It’s hard to believe that it was almost exactly a year ago when the Hamas terrorist group launched its deadly attacks into Israel from its lair in the Gaza Strip. Unprecedented in its barbarity and ferocity, it set the smouldering embers of a years-old conflict alight again.

Now is a good time to look back and see what, if anything, has been achieved by Hamas’ twisted strategy. And the short answer is not very much at all; if anything, they have managed to set the clock backwards.

It’s quite difficult to get a reasonable answer to what exactly they hoped to achieve, apart from to inflict murder, mayhem, and worse on the Israelis. Let’s look at some of the major issues.

First of all Gaza. The Hamas action on 7 October last year has basically brought death and destruction upon itself and the civilian population as well as the Israelis. Israel’s casualties are in the thousands, those of the Palestinians are in the tens of thousands.

Hamas will not differentiate between deaths of its fighters and those of ordinary civilians for obvious reasons. But it’s clear that its leadership has been eliminated, together with many of its fighters.

Some 60 percent of buildings in the Strip have either been destroyed or damaged in some way; essentially Gaza has been levelled during the IDF’s operations there and much of the population has been displaced into basic camps with limited facilities. They have nowhere else to go; even surrounding Arab countries like Egypt don’t want them. And it will take years to rebuild Gaza, if indeed that ever happens.

Now let’s look at Lebanon. For some reason best known to itself Hezbollah decided to join the fray on 8 October last year by renewing its rocket offensive into northern Israel in “solidarity” with Hamas and the Palestinian cause.

What a mistake that has turned out to be. It too has seen most of its leaders vaporised by Israeli air strikes and its fighters on the ground now being tackled by IDF troops moving into southern Lebanon. Again, large numbers of civilians have suffered and been displaced. Some Syrian refugees sheltering in Lebanon to escape the conflict in Syria are now

heading back to where they came from, and nowhere seems to be safe. We should also mention the Houthi rebels in Yemen, who have thrown in their lot with the anti-Israel alliance and lobbed drones and missiles into Israel and also attempted, partially successfully, to disrupt international shipping in the Red Sea.

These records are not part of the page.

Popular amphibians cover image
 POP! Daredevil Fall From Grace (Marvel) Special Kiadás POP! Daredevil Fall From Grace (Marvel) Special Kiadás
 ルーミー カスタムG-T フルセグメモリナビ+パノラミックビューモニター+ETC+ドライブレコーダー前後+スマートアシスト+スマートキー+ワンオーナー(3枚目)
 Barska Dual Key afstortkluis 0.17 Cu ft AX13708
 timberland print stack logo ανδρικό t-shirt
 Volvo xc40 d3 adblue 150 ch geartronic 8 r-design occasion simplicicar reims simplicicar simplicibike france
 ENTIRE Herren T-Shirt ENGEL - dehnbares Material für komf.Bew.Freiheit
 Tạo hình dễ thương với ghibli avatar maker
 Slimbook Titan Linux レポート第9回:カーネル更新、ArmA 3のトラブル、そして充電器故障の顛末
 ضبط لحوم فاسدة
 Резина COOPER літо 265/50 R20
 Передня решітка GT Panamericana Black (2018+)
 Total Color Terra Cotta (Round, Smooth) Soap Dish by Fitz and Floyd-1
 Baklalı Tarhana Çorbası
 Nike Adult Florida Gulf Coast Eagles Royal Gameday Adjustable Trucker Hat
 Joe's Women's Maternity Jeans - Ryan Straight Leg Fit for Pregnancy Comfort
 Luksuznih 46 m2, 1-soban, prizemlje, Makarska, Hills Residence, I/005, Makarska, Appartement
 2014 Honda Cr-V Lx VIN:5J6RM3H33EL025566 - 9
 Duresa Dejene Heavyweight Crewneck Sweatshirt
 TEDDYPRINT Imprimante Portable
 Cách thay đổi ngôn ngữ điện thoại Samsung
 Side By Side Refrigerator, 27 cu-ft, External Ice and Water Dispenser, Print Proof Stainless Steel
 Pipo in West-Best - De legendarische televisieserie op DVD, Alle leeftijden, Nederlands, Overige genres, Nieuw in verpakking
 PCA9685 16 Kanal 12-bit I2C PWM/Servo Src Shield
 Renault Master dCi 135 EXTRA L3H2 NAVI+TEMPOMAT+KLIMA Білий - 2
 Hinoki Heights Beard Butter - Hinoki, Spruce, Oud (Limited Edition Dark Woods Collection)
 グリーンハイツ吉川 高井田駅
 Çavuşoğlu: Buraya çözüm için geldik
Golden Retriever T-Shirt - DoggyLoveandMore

Their reward has been to be battered in their strongholds by US and British (and others) air strikes for their trouble. The eminence grise behind all of this is of course Iran, sworn enemy of the USA and a state dedicated to the eradication of Israel. They are the ones behind the onslaught of the so-called Axis of Resistance, its funder and provider of arms and training.

Iran has had the temerity to launch missiles at Israel not once but twice over the past year, attacks which were failures. It now cowers in anticipation of the next Israeli response, with the knowledge that its skies are easily penetrable by the IDF air force and its security and state apparatus riddled at every level with informants and foreign agents.

Essentially Iran is an open book to the Israelis and they will take full advantage of that. Finally we need to look at Israel itself, bruised and battered physically and mentally but still there proud and defiant in the face of its enemies.

Backed by the insurance policy that is the USA, its staunchest ally, there is no real threat to its existence. If anything it is stronger now than a year ago.

Those are some of the major factors against which we should judge the success or otherwise of the Hamas assault on 7 October last year. And by any measure it has proved to be an abject failure.

Negotiation and compromise, not war, is the only way to cure the festering sore that is the Middle East. But that is not yet in sight.